Fundrise: Using crowdfunding to reinvent real estate investing
Also making Forbes’ list is Washington, D.C.-based Fundrise, a company that uses crowdfunding to combat what it calls a “broken” real estate investment model.
According to the company, current regulations bar all but the wealthiest 3 percent of Americans from investing directly, and the only option available to most people is a Real Estate Investment Trust (REIT) or similar fund.
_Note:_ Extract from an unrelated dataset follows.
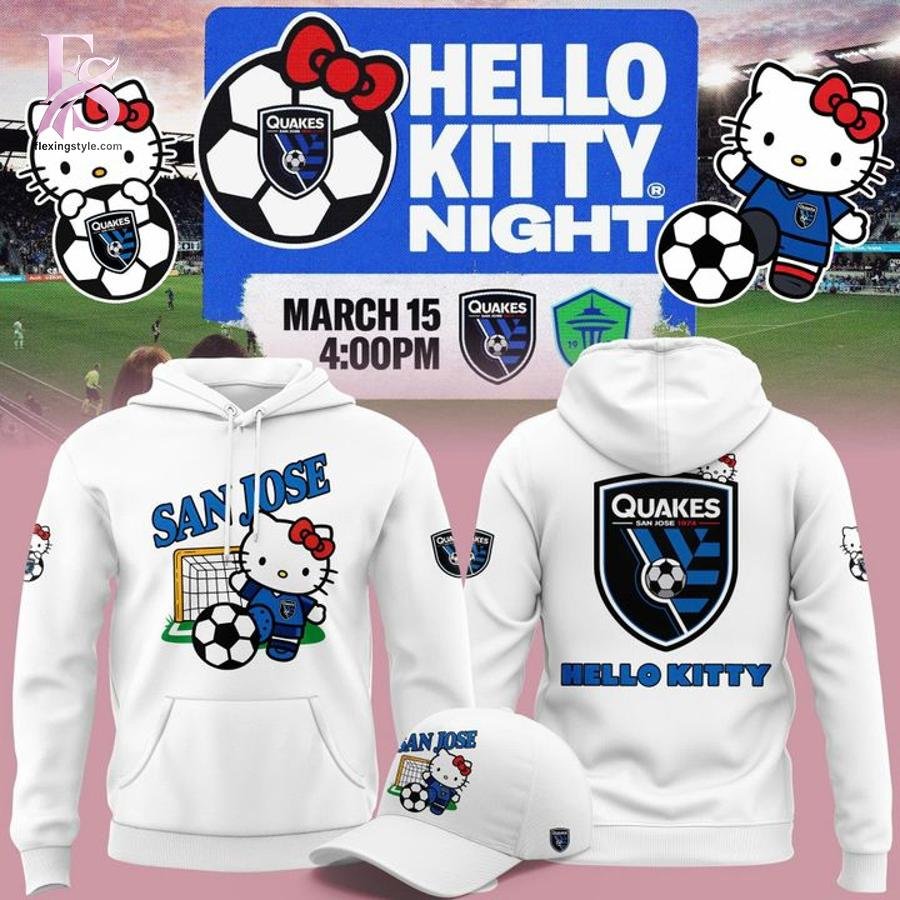 San Jose Earthquakes Hello Kitty 2026 Hoodie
Once these fortunate individuals do invest in a fund, their money passes through the hands of several “institutional middlemen,”each of whom charges a sizable fee, before it ever reaches the real estate.
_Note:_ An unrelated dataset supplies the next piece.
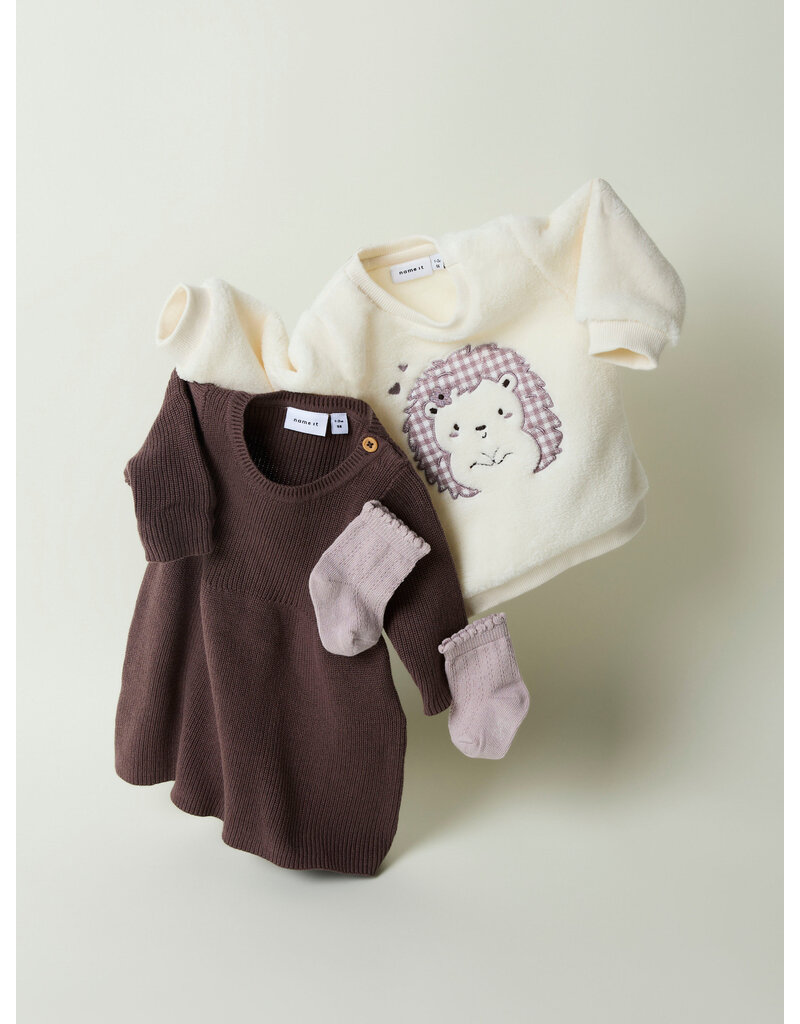 name it Olivina Knit Dress Peppercorn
Finally, the money is pooled with thousands or even millions of other investments, and placed into dozens or hundreds of “mystery” properties.
“You’re kept in the dark about exactly what you own,” Fundrise contends on its website. “We started Fundrise with a simple goal: Give everyone the opportunity to invest in real estate.”
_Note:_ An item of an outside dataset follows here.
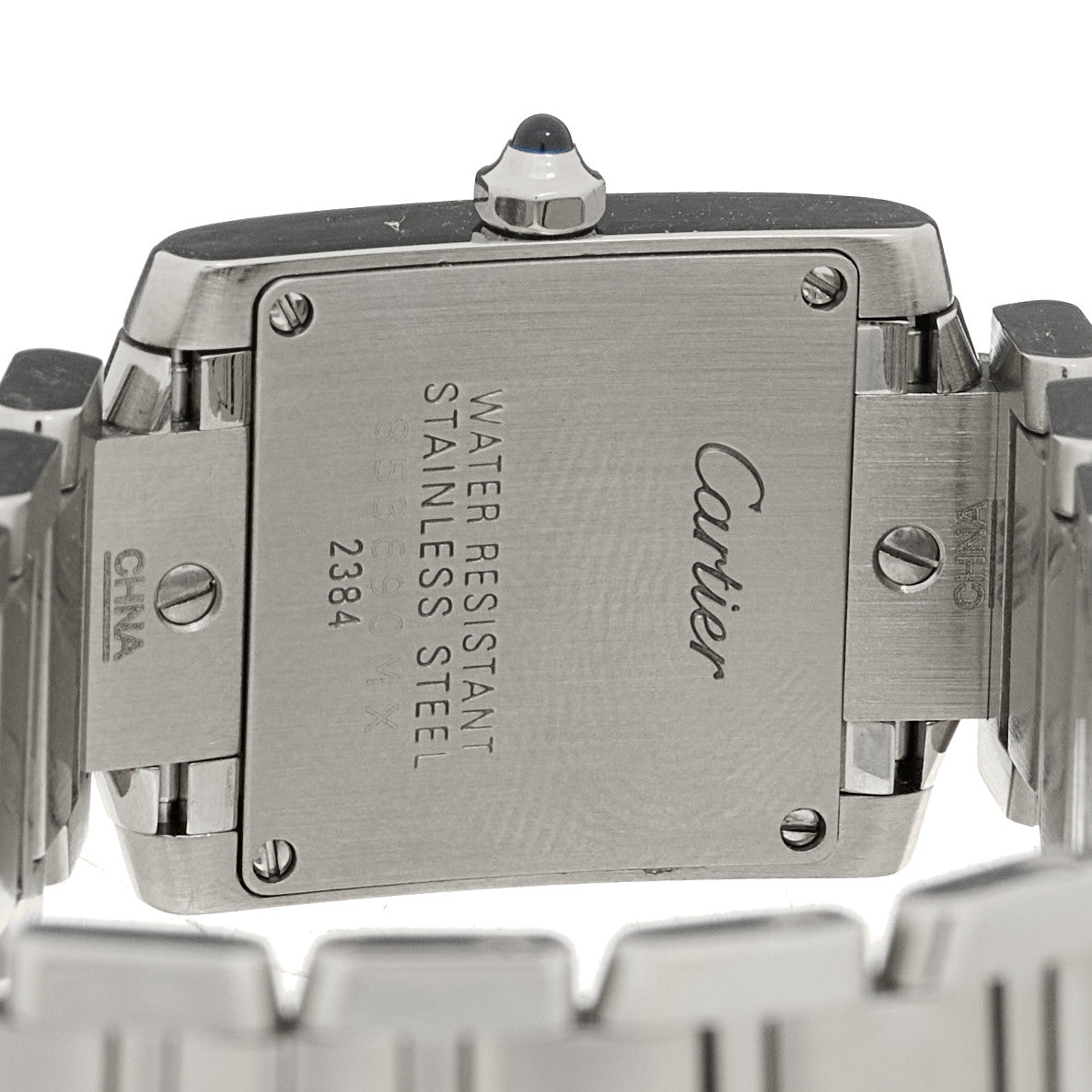 Cartier Stainless Steel 20mm Tank Francaise Quartz Watch 4 of 4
Brothers Ben and Dan Miller founded the company in 2010 around the time that the JOBS Act enacted securities regulation to streamline the process of equity crowdfunding in the U.S. Their first project, in the H Street NE Corridor in Washington, D.C., raised $325,000 from 175 investors, some of whom invested as little as $100 each.
Soon, real estate companies were contacting Fundrise to raise capital, so the company expanded its platform to allow conventional real estate investments from commercial developers.
Considered a trailblazer for bringing crowdfunding investment into the real estate market, Fundrise has the distinction of raising more capital in its first-round of Series A investment than any other crowdfunding company, totaling $38 million.
According to a recent report by research and advisory firm Massolution, real estate crowdfunding has emerged as a viable alternative to traditional financing, growing by 56 percent in 2014 to more than $1 billion in funding volume, with campaigns ranging in size from less than $100,000 to over $25 million.
“It’s an enormous honor for Fundrise to be a part of the Fintech 50,” said Fundrise CEO Ben Miller. “The U.S. real estate industry is one of the largest sectors of the economy and, as such, is riddled with inefficiency. We’re slowly starting to see more and more tech companies jump into the space and begin to change things. From payments to funding to underwriting to the rental, residential and commercial markets, tech is attacking the conventional system from every angle. It’s an exciting time to be a part of the space and the whole Fundrise team can’t wait to see what happens next.”
The Forbes recognition comes about a week after Fundrise announced its latest project: The Fundrise Real Estate Investment Trust, or eREIT, an online real estate investment trust with an initial offering of $50 million pursuant to Regulation A+. The regulation provides exemptions from SEC registration requirements, allowing some companies to use equity crowdfunding to offer and sell their securities without having to register the securities with the SEC.
The Fundrise eREIT offering will prospective investors with the opportunity to invest in an intended portfolio of properties across the United States for a minimum of $100. The aim of the eREIT is to use new technology to give both accredited and unaccredited investors the option to invest in real estate.
“We’ve spent the past five years working to revolutionize how real estate investment works and believe our solution is a superior, more efficient alternative to traditional real estate funding models as well as a challenge to the high fees and volatility of the stock market,” Miller said.